Originally reviewed at the 2010 AFI Fest.
“Two Gates of Sleep” is about the journey of a coffin to its final resting spot, but in a part of the world where political concerns are limited to the bickering between two brothers over the right way to bury their dead mother. Set apart from any semblance of urban encroachment, save for the lumber mill where the two brothers make a meager wage, Jack (Brady Corbet) and Louis (David Call) reside on the fringe of the Mississippi-Louisiana border where the flicker of their weak television reception just about sums up the pulse of life before their ailing mom (Karen Young) ultimately flatlines and they settle upon hauling her coffin across the river with only their hands.
First-time director Alistair Banks Griffin was originally a painter, which is evident immediately from the fact that “Two Gates of Sleep” is told in brush strokes – individual scenes of the brothers hunting deer or their confused mother as she wanders away from home are awash in the colors of the sky and the indigenous flora and bristle with raw emotion. However, as Griffin acknowledged during the post-screening Q & A, he gave up painting because he was frustrated by his own limitations and while the cinema offers him a greater canvas, “Two Gates of Sleep” shows he will need more time to understand the demands of a story since the film works far more effectively on a scene-by-scene basis than as a whole. Griffin explained that he purposefully left scenes out that detailed the growing animosity between the brothers, but when their relationship comes to a head, it is a bewildering turn of events.

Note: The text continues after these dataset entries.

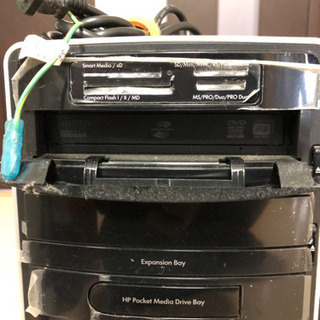 【ジャンク品】hpデスクトップパソコン(HDDなし)の画像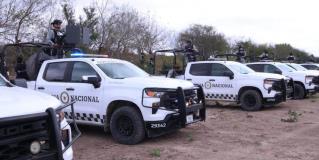 Operación Frontera Norte; despliegan GN en Tamaulipas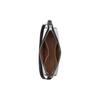 COACH Nolita Canvas With Smooth Leather Shoulder Bag Small Women's Black White CP252-SVCAH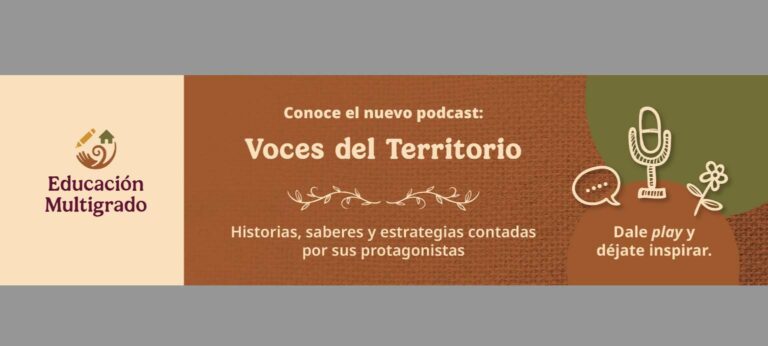 Presenta la Secretaría de Educación Pública el sitio web “Educación Multigrado”: un espacio digital de encuentro entre saberes, experiencias y prácticas docentes situadas de maestras y maestros multigrado
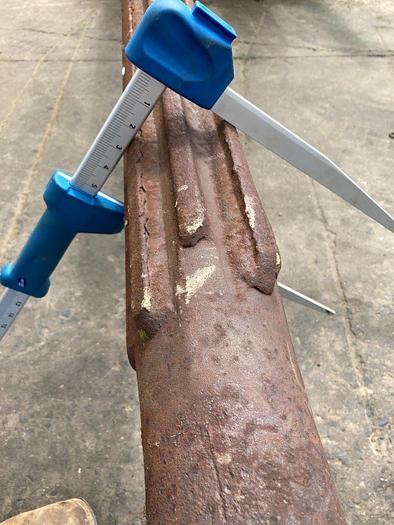 Used Straight Ribs 20 ft. 6 in. Length Stabilizer (11)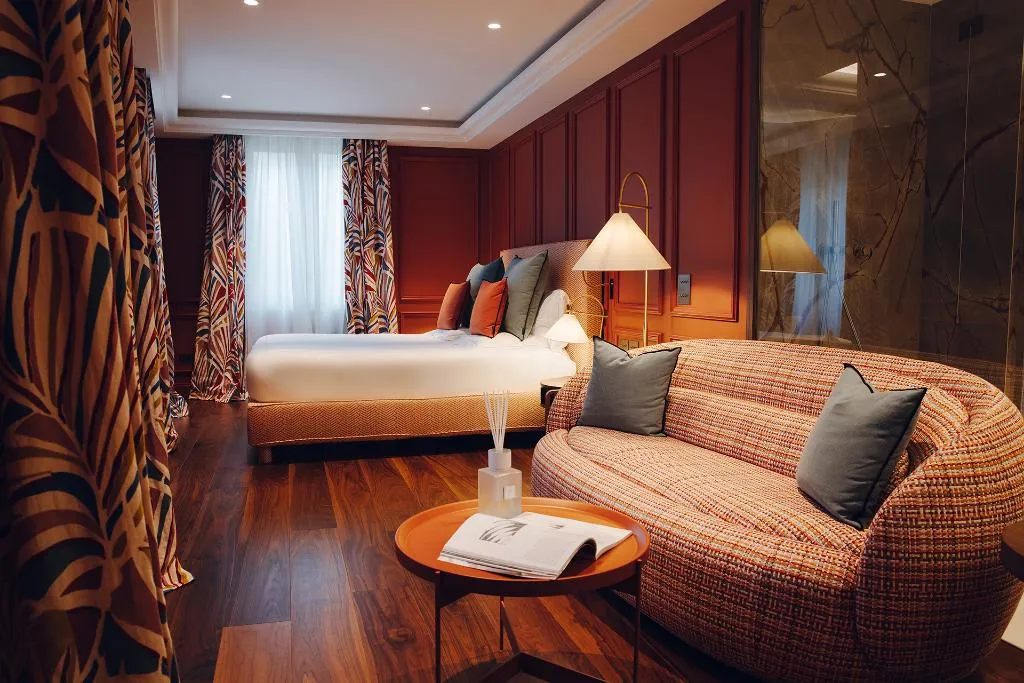 JUNIOR SUITE STANDARD Room, Eight Hotel Portofino, Cagliari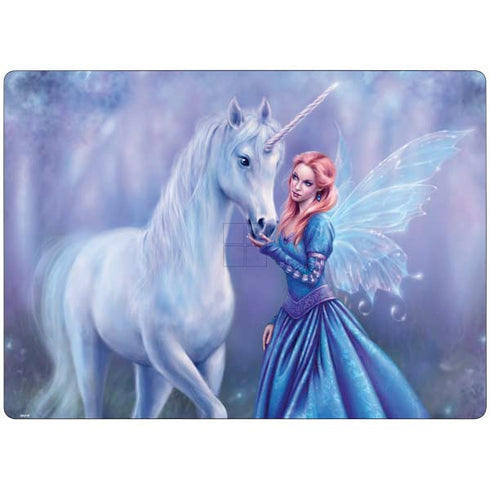 Rhiannon Fairy and Unicorn by Rachel Anderson Surface Laptop 7 15in Skin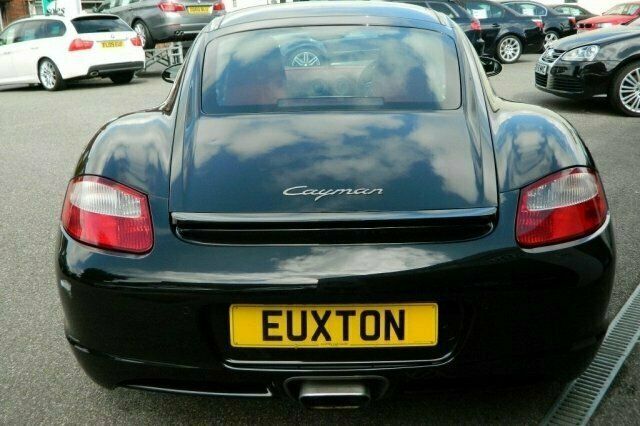 Used Porsche Cayman 2007 Coupe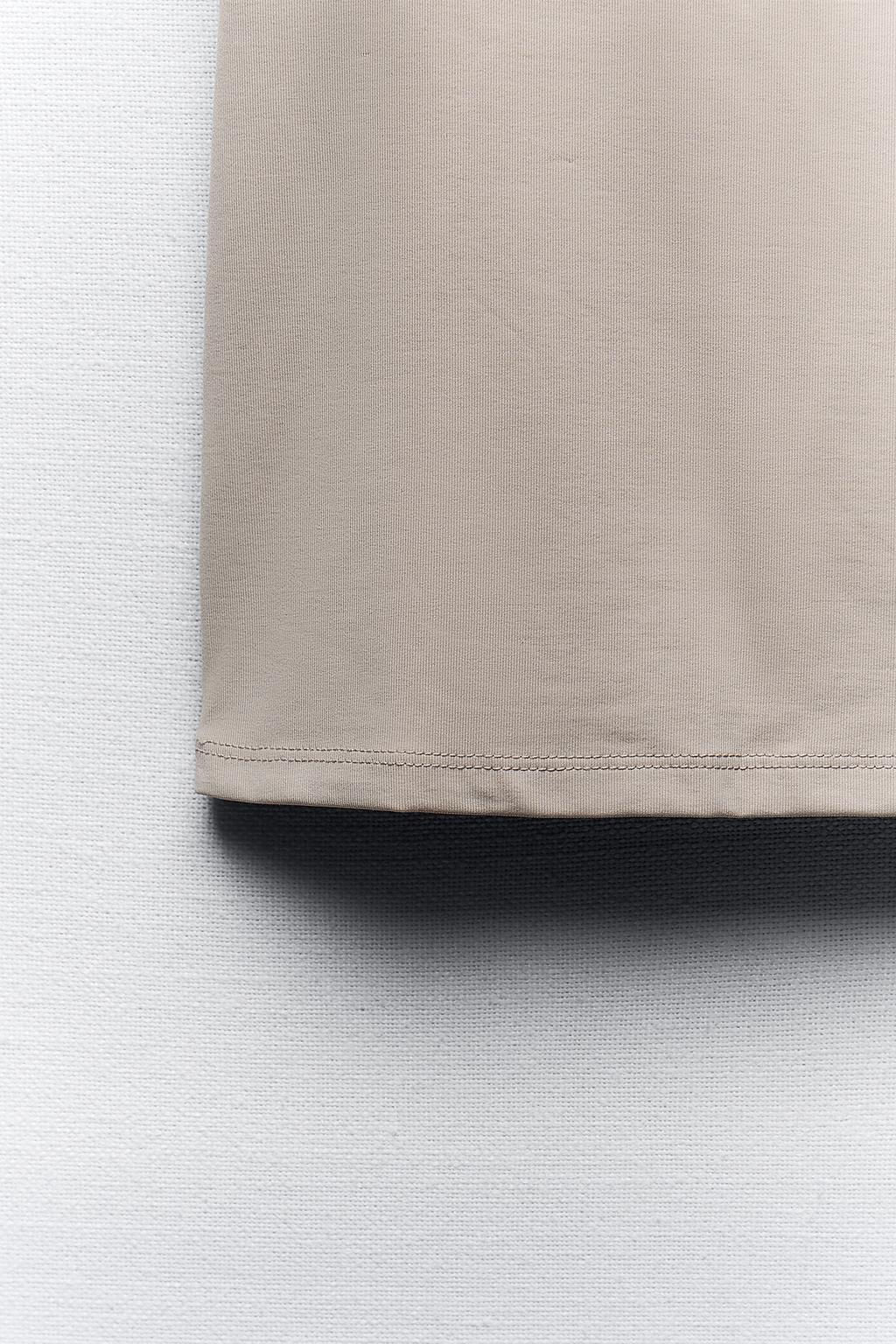 POLYAMIDE TOP WITH WIDE STRAPS - Zara фото 40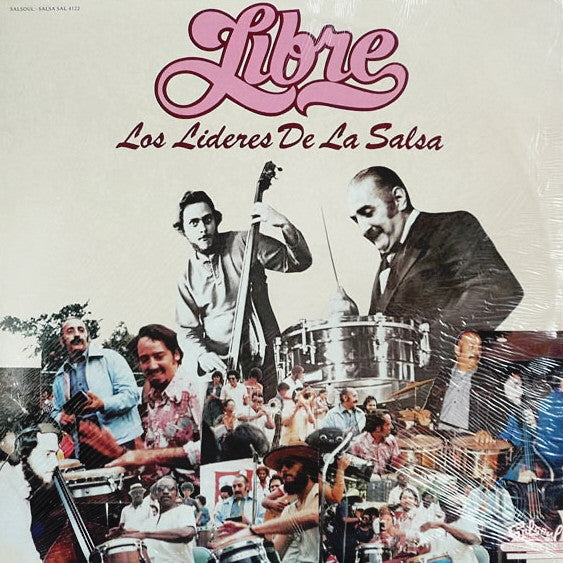 Libre : Los Lideres De La Salsa (LP, Album)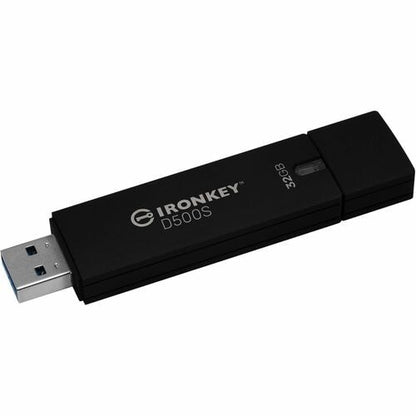 32GB IRONKEY D500S FIPS 140-3 LVL 3 AES-256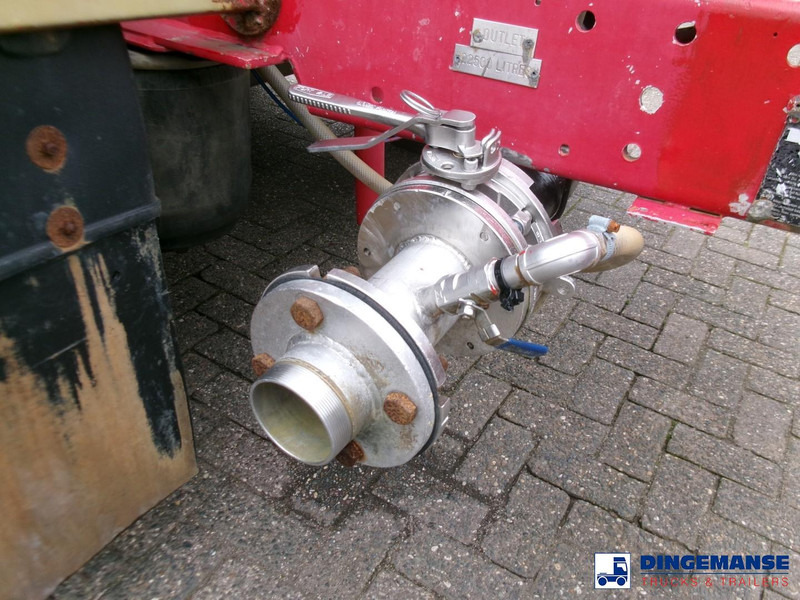 Напівпричіп цистерна Crane Fruehauf Chemical tank inox 22.5 m3 / 1 comp: фото 9 Напівпричіп цистерна Crane Fruehauf Chemical tank inox 22.5 m3 / 1 comp: фото 9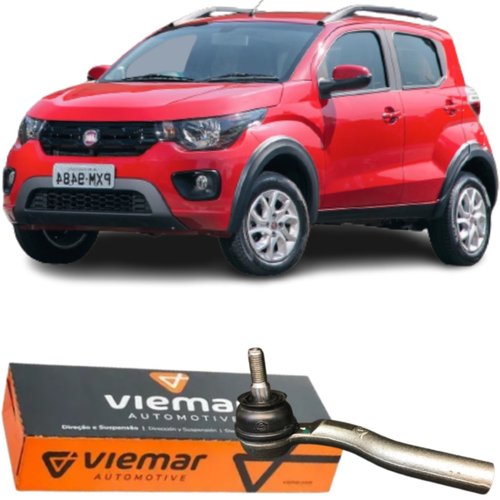 Terminal Direção Direito Viemar Palio Doblo Uno Strada Mobi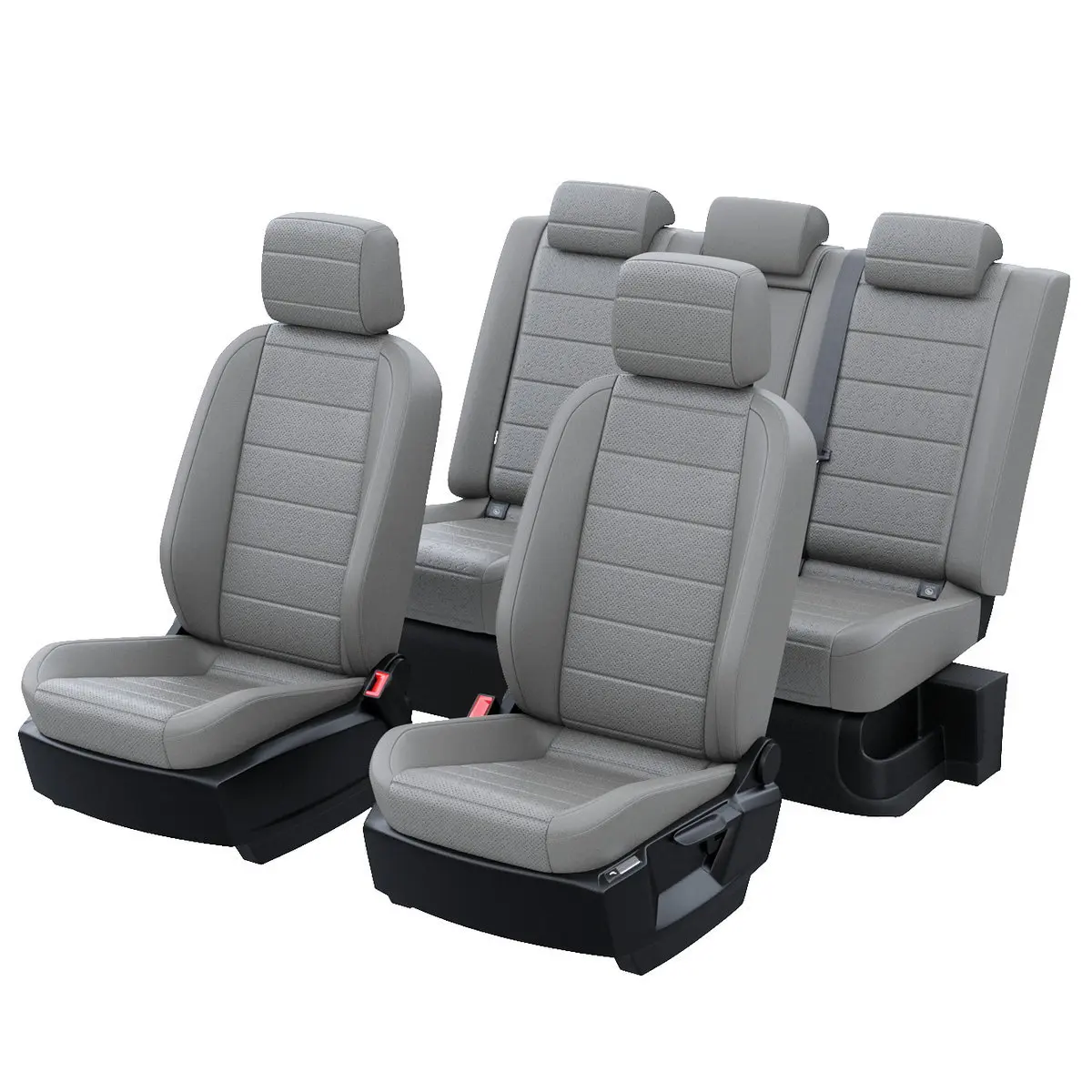 Чехлы на Мерседес Жлк X 204 2008-2015 Экокожа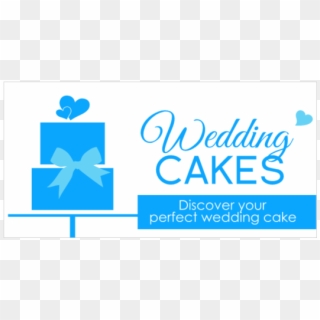 Vinyl Banner For Wedding Cakes With Hearts And Cake - Graphic Design, HD Png Download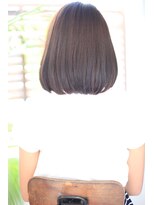 ニスル センター南店(NISURU) 似合わせカット/大人ガーリー/ダークアッシュ/着物/センター南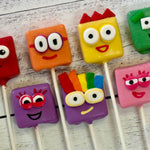 Numberblocks Party Package - 48 treats-Cake Ballerina-Cake Pops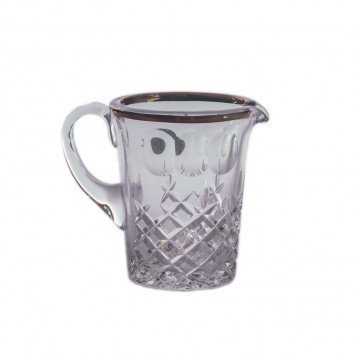 Jarra de Leche de Bohemia Checoslovaco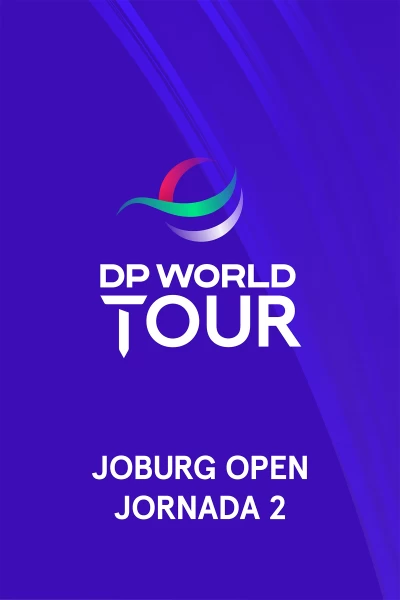 Joburg Open. Joburg Open (World Feed VO) Jornada 2. Parte 1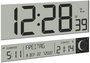 TFA Dostmann 60.4524.01 Rádiójel vezérlésű Falióra 360 cm x 28 mm x 235 mm Fekete Nagy kijelző 2. bélyegkép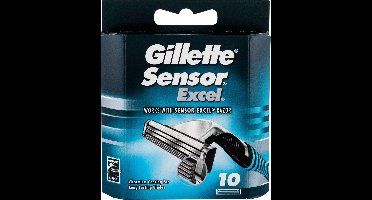 Gillette Sensor Excel Scheermesjes (10st.)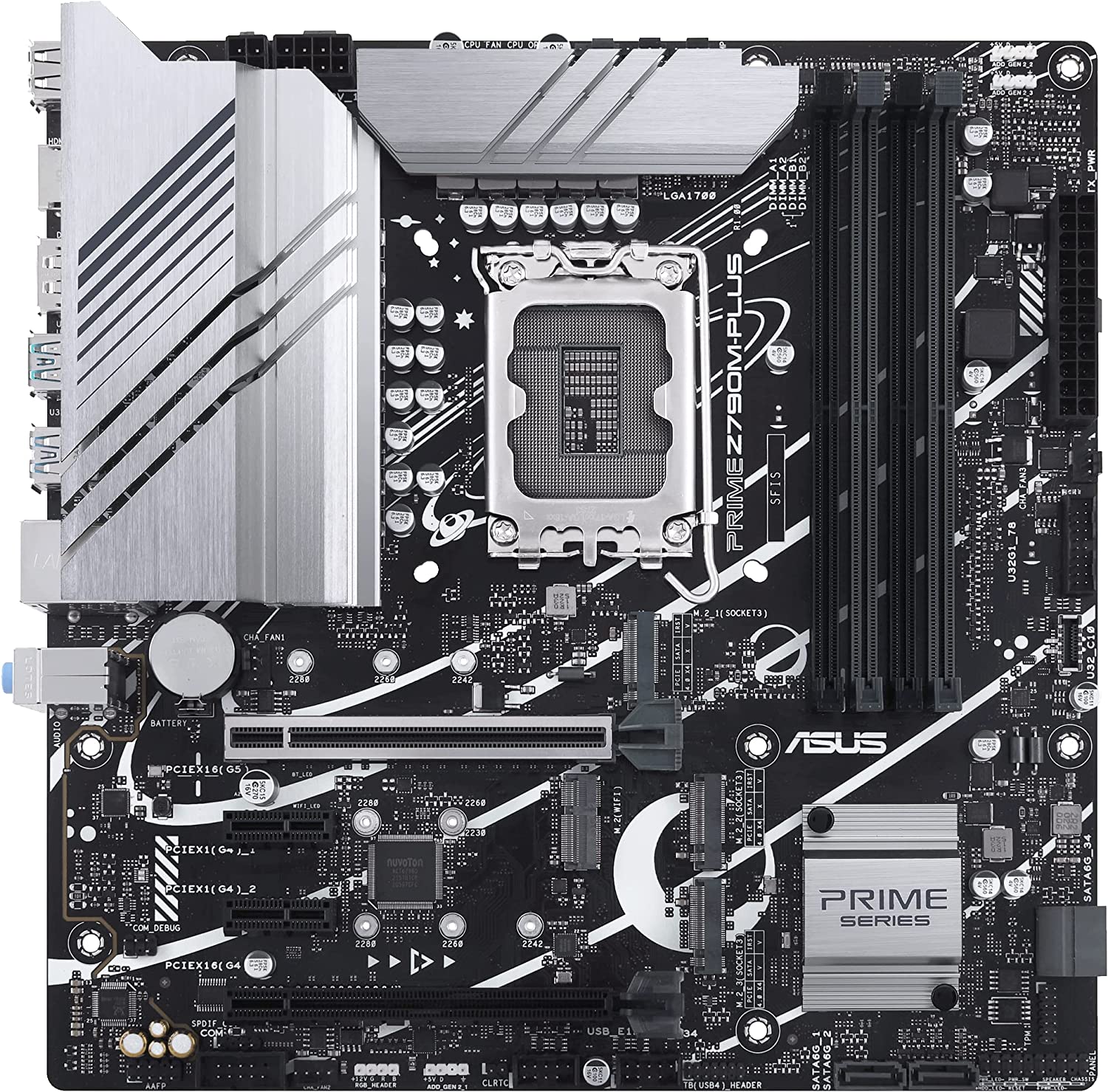 ASUS Prime Z790M-Plus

It isn’t surprising that calls of pretension have dogged the film since debuting at Cannes, a reputation that wasn’t helped at AFI Fest when Griffin announced before the screening it would be the print showed at Cannes of the English-language film being presented with French subtitles, then demurred, “But then there’s not that much dialogue.” However, there’s much more to admire about “Two Gates of Sleep” than there isn’t.
The film boasts typically gorgeous cinematography from “Tiny Furniture” and “Afterschool” lenser Jody Lee Lipes, whose visual signature is so strong and vibrant it’s beginning to make me wonder about how wunderkind writer/directors Lena Dunham and Antonio Campos might be considered without him. (Campos is an executive producer here.) And Griffin actually co-edited the film with star Corbet, which likely is at least partially responsible for giving the “Funny Games” actor the full command of the screen and he is compelling to watch, even when the story being told isn’t.
Although films like “Ballast” and “Winter’s Bone” have trudged through similar terrain, the desolate enclaves of rural America that unfortunately enter the consciousness of moviegoers about as often as they have the metropolitan community at large, there is still something unique about Griffin’s attempt at capturing a feeling of isolation and saying something about the grip of tradition that drives the brothers to such extremes. The images in “Two Gates of Sleep” are crisp. Now if only Griffin could bring the same clarity to his storytelling…
“Two Gates of Sleep” opens at the reRun Theater in New York today.